Sevgili okurlarım. Yine birlikteyiz. Bizleri bu vesileyle bir arada kılan Yüce Rabbimize sonsuz hamd ve şükrederiz.
Mevlâmızın bizler için hazırladığı dünya ve âhiret mutluluğuna ulaşmak için el ele, gönül gönüle verelim, bu güzelim dünyayı küçük bir cennet mekânına çevirelim. Nasıl mı? Başlıkta yazdığım gibi. O’nu sevmekle başlar her güzel şey. Sevginin yaratıcısını sevmek, sevebilmek Sahibimizin büyük bir lütfudur. Allah’ın yaratmış olduğu dünya ve ahiret güzelliklerine kavuşmanın başlangıcı sevgiyle olur. Kişi, sevdiğine koşar, korktuğundan da kaçar. Allah’ı sevmek O’na kavuşmayı dilemeyi gerektirir (Ankebut-5). Sevgi, fedakârlık ister. Allah için yapılacak en büyük fedakârlık O’na itaattır. İtaatın başlangıcı bir dilektir.Yani her güzel şey bir dilekle başlayacaktır. ALLAH’A ULAŞMAYI DİLEMEK ( Ruhu, hayattayken Allah’a ulaştırmayı dilemek)(Rum-31, Kehf-110). İnsan, ancak ruh vasıtasıyla Sahibine dönebilir, O’na ulaşabilir(Mü’minun-60). Hani insan sevdiğiyle beraberdi. Allah bir Sevgili olamaz mı? O’nu sevdiklerimizin arasında en baş köşeye koyamaz mıyız? Hayatımızı O’na adayamaz mıyız? O’nu canımızdan daha kıymetli göremez miyiz? Tüm bunlara değmez mi? Cevaplarınız evetse ilk adım için hazırsınız demektir. Evet, ilk adım. Allah’a doğru atılacak ilk adım. Bir niyet, bir istek. Yunus Emre Hazretleri’nin ifade ettiği gibi; “Dervişlik bir dilektir, dileyene düğün dernektir, yensiz yakasız gömlektir, giyemezsin demedim mi?”

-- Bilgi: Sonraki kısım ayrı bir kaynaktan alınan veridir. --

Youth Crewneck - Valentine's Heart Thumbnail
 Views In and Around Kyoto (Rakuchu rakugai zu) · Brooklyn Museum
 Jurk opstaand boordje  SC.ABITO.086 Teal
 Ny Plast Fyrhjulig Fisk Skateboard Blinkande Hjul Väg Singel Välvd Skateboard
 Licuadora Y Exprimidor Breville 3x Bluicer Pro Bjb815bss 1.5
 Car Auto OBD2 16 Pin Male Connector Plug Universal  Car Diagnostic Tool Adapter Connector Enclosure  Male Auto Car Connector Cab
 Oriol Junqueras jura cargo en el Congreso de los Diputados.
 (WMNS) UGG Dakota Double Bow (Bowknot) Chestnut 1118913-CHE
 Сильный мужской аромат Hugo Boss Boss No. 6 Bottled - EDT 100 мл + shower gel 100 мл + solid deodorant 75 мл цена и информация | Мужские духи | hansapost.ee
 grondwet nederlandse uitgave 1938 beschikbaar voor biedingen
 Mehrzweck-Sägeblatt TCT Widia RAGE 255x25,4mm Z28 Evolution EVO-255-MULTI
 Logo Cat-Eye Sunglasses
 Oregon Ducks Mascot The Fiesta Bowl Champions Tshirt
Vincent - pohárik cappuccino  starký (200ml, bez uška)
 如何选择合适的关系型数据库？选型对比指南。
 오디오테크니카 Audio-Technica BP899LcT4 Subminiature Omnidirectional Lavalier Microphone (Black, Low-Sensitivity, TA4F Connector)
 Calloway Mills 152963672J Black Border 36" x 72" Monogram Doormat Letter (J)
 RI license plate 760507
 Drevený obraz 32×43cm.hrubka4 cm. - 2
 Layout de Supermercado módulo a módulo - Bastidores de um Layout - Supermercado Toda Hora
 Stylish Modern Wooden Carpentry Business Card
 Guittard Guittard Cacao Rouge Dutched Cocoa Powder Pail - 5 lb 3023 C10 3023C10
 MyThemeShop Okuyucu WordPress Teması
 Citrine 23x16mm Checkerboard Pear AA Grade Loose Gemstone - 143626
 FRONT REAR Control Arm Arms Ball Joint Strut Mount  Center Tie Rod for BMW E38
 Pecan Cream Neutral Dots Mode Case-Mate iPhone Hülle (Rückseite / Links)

Dervişlik yani Allah’ın dostluğu bir dilekle başlar. Allah’tan Allah’ı dilemek. Yani el açıp kalpten bir duada bulunmak: “ Ey yüce Allah’ım. Ben şu dünya hayatını yaşarken sana ruhumu ulaştırmayı diliyorum. Evliyaların yaptığı gibi ben de sana ölmeden önce ermek, ulaşmak istiyorum. Benim de ruhumu kendine ulaştır.”
Bu dilek kalbin içinden gelmişse Rabbimizin kabulüdür. Samimiyet derecemizi en iyi O bilir.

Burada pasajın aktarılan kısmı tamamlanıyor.